USA Employment Trends Index Increases, Signals Moderate Improvement


The Conference Board: Employment Trends Index

The April 2012 Employment Trends Index increased +0.86 to 108.04 (preliminary) and a post-recession high.  This is the 9th increase in the past 10 months. The ETI has continued above the 100.00 benchmark for 15 consecutive months, after 27 consecutive months below (November 2008 through January 2011). The ETI continues at historically low levels, but has attained the early 2003 lows. Gad Levanon, Director of Macroeconomic Research at The Conference Board noted, "the disappointing job gain in April (115,000) is probably below the current trend and should pick up to about 150,000 to 175,000 jobs a month through the summer".

Employment Trends Index by Month The Conference Board Employment Trends Index reached a Post-Great Recession high of 108.04 in April 2012. The Great Recession cyclical low was 87.82 in May 2009. The Pre-Great Recession peak was 123.86 in March 2007.



Employment Trends Index by Year The Conference Board Employment Trends Index by Year is the average of the related months. The Great Recession low was in 2009 at 89.43 and the Post-Great Recession peak has been in 2012 YTD at 107.29 (preliminary). The Pre-Great Recession Peak was both 2006 and 2007 at 121.95 and 122.6, respectively.

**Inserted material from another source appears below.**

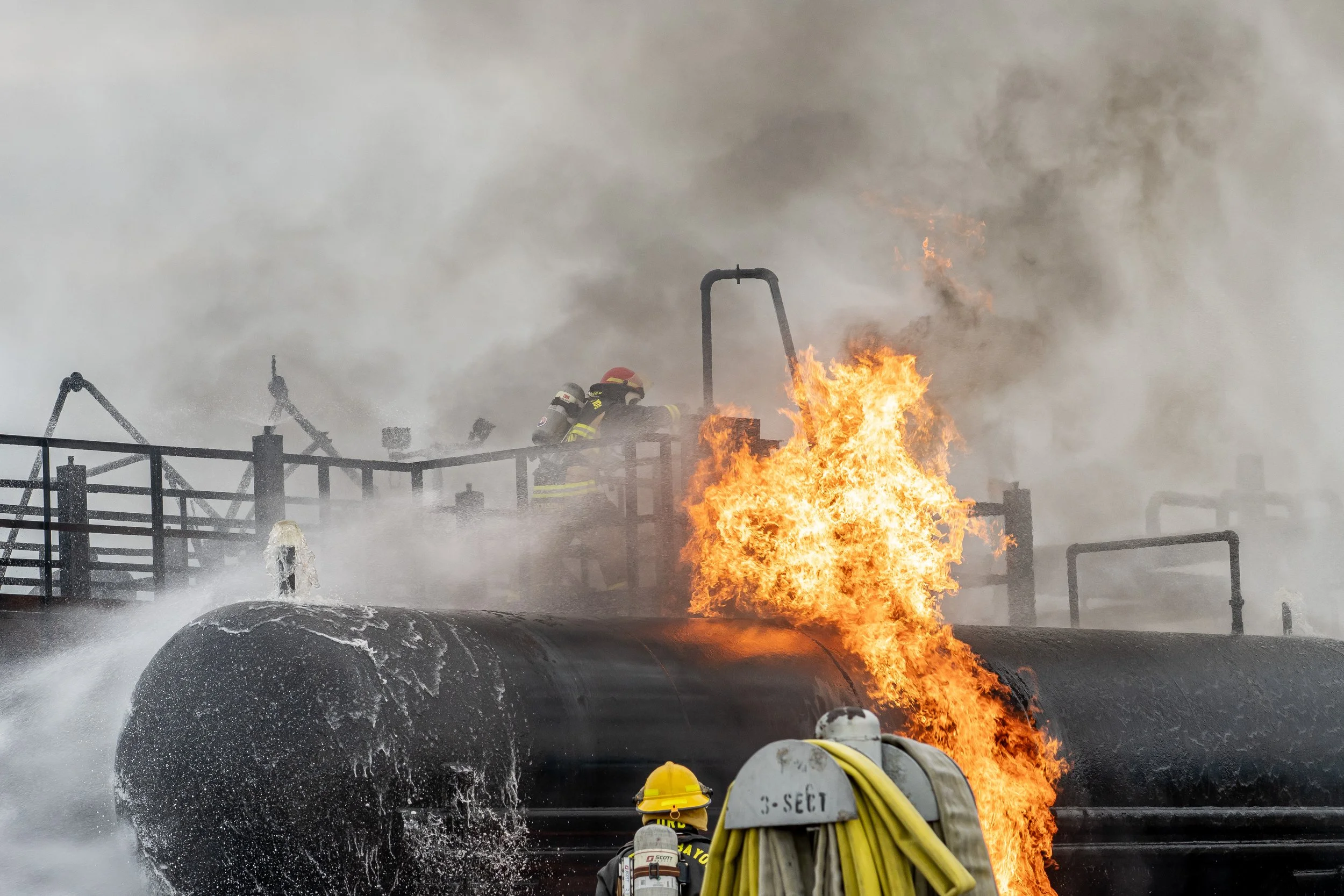 Firefighters battling a large fire on an industrial tank with flames and thick smoke.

USA Unemployment Rate Dips to 8.1%, Jobs Remaining to Be Restored 5 Million


Bureau of Labor Statistics: Employment Situation Summary

The U.S. government has issued the monthly statistical, political, and market madness called the jobs report. The April 2012 unemployment rate dipped -0.1% to 8.1% and the underemployment rate was steady at 14.5%. These are post-recession lows, the lowest since February 2009 and January 2009 + March 2012, respectively. The USA economy created 115,000 jobs, the 19th consecutive month of job gains.

Net job losses were 8.66 million during the 2008 - 2009 Great Recession. Net job gains have been 3.67 million in the subsequent 2010 - 2012 recovery. That leaves 4.99 million jobs to be restored to get the USA to back to even, to the beginning of 2008. This does not count any net increase in people entering the work force since the end of the Great Recession.

This jobs deficit and the structural shift in the economy explains some of why 50% of 2012 college graduates are unemployed or unemployed. This explains some of the reason 1 in 7 Americans receive food stamps and why just 1 in 4 households anticipate an improved financial situation during the year ahead.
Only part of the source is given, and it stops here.